Would you return the lines between the one holding "Retomaron obras del colector cloacal" and the one holding "FRISSÍTVE | Kiürítik", inclusive, and only those, exactly as they stand in the listing below?

▬▬▬▬▬▬▬▬▬▬

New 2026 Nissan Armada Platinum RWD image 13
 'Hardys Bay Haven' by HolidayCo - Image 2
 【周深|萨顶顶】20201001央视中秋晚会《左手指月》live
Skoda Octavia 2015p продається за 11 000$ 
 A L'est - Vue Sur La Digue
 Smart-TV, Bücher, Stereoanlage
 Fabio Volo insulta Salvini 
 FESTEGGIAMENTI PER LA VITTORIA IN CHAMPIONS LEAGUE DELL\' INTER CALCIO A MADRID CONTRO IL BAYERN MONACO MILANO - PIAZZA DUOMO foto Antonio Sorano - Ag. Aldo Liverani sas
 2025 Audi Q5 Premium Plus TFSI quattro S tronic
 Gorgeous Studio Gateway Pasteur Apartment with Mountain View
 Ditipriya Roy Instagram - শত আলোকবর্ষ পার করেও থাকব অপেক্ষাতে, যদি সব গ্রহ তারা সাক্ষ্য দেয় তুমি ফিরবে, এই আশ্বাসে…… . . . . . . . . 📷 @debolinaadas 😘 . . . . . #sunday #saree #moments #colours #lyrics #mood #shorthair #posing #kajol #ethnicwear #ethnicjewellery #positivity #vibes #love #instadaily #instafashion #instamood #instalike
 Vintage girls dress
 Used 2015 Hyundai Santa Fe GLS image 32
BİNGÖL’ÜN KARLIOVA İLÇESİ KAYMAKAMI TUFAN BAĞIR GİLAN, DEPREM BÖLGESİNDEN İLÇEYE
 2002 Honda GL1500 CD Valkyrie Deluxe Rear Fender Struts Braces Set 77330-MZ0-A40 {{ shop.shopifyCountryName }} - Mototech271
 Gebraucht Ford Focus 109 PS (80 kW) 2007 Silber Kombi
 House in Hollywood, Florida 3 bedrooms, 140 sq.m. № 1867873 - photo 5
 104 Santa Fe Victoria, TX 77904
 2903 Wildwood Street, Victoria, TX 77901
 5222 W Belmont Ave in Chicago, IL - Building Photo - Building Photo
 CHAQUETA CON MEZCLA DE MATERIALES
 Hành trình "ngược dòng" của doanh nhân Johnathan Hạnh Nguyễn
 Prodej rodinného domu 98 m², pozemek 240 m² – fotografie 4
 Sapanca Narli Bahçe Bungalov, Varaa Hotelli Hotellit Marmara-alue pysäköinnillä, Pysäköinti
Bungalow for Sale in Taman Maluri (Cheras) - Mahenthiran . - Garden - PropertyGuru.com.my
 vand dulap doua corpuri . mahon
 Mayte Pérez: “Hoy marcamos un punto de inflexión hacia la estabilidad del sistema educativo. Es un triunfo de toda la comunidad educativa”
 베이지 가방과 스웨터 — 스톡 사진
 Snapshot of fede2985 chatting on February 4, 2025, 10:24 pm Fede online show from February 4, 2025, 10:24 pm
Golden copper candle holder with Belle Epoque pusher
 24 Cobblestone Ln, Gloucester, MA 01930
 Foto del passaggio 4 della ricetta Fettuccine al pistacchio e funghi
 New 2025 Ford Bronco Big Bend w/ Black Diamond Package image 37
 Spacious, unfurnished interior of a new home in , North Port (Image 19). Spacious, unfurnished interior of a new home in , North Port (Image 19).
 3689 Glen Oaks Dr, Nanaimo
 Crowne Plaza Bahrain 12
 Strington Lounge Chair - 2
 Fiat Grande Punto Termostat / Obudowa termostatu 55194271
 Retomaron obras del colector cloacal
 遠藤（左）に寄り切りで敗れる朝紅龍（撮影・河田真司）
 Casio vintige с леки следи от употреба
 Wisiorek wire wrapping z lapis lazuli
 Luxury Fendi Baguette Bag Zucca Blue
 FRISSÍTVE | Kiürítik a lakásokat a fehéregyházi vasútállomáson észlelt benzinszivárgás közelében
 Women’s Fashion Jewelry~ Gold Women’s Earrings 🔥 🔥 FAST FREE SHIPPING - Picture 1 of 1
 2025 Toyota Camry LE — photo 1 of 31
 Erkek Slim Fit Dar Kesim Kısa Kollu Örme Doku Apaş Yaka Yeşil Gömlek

▬▬▬▬▬▬▬▬▬▬

## Answer to the problem
 Retomaron obras del colector cloacal
 遠藤（左）に寄り切りで敗れる朝紅龍（撮影・河田真司）
 Casio vintige с леки следи от употреба
 Wisiorek wire wrapping z lapis lazuli
 Luxury Fendi Baguette Bag Zucca Blue
 FRISSÍTVE | Kiürítik a lakásokat a fehéregyházi vasútállomáson észlelt benzinszivárgás közelében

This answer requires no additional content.